▶ [Source data]
=====

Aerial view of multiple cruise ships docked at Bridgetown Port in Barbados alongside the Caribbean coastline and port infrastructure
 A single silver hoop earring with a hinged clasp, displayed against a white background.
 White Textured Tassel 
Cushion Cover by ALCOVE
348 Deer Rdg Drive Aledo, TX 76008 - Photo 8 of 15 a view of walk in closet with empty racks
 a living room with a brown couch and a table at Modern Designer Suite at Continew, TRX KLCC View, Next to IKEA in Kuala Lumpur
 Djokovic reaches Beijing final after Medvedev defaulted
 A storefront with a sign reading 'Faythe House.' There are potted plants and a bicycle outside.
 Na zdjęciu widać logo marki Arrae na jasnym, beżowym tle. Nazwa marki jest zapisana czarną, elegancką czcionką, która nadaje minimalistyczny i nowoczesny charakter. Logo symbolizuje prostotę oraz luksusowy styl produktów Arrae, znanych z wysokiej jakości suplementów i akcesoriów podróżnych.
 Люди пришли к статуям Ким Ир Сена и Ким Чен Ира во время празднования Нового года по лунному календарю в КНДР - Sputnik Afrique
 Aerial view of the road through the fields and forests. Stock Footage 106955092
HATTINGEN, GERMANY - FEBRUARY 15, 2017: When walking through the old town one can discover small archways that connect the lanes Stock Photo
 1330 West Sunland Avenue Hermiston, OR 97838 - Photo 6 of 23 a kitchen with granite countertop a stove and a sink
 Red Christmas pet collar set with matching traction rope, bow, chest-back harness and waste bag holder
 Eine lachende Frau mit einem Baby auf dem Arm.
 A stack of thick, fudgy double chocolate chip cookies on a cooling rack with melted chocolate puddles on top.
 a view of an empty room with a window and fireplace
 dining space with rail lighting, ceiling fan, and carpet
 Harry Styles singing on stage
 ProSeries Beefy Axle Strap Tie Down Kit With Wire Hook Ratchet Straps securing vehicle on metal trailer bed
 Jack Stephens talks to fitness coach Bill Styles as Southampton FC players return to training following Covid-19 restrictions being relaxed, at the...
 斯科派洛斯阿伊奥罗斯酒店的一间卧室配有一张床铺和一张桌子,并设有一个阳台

=====

▶ [Work task] Type out the records above again, exactly the same.

▶ [Response]
Aerial view of multiple cruise ships docked at Bridgetown Port in Barbados alongside the Caribbean coastline and port infrastructure
 A single silver hoop earring with a hinged clasp, displayed against a white background.
 White Textured Tassel 
Cushion Cover by ALCOVE
348 Deer Rdg Drive Aledo, TX 76008 - Photo 8 of 15 a view of walk in closet with empty racks
 a living room with a brown couch and a table at Modern Designer Suite at Continew, TRX KLCC View, Next to IKEA in Kuala Lumpur
 Djokovic reaches Beijing final after Medvedev defaulted
 A storefront with a sign reading 'Faythe House.' There are potted plants and a bicycle outside.
 Na zdjęciu widać logo marki Arrae na jasnym, beżowym tle. Nazwa marki jest zapisana czarną, elegancką czcionką, która nadaje minimalistyczny i nowoczesny charakter. Logo symbolizuje prostotę oraz luksusowy styl produktów Arrae, znanych z wysokiej jakości suplementów i akcesoriów podróżnych.
 Люди пришли к статуям Ким Ир Сена и Ким Чен Ира во время празднования Нового года по лунному календарю в КНДР - Sputnik Afrique
 Aerial view of the road through the fields and forests. Stock Footage 106955092
HATTINGEN, GERMANY - FEBRUARY 15, 2017: When walking through the old town one can discover small archways that connect the lanes Stock Photo
 1330 West Sunland Avenue Hermiston, OR 97838 - Photo 6 of 23 a kitchen with granite countertop a stove and a sink
 Red Christmas pet collar set with matching traction rope, bow, chest-back harness and waste bag holder
 Eine lachende Frau mit einem Baby auf dem Arm.
 A stack of thick, fudgy double chocolate chip cookies on a cooling rack with melted chocolate puddles on top.
 a view of an empty room with a window and fireplace
 dining space with rail lighting, ceiling fan, and carpet
 Harry Styles singing on stage
 ProSeries Beefy Axle Strap Tie Down Kit With Wire Hook Ratchet Straps securing vehicle on metal trailer bed
 Jack Stephens talks to fitness coach Bill Styles as Southampton FC players return to training following Covid-19 restrictions being relaxed, at the...
 斯科派洛斯阿伊奥罗斯酒店的一间卧室配有一张床铺和一张桌子,并设有一个阳台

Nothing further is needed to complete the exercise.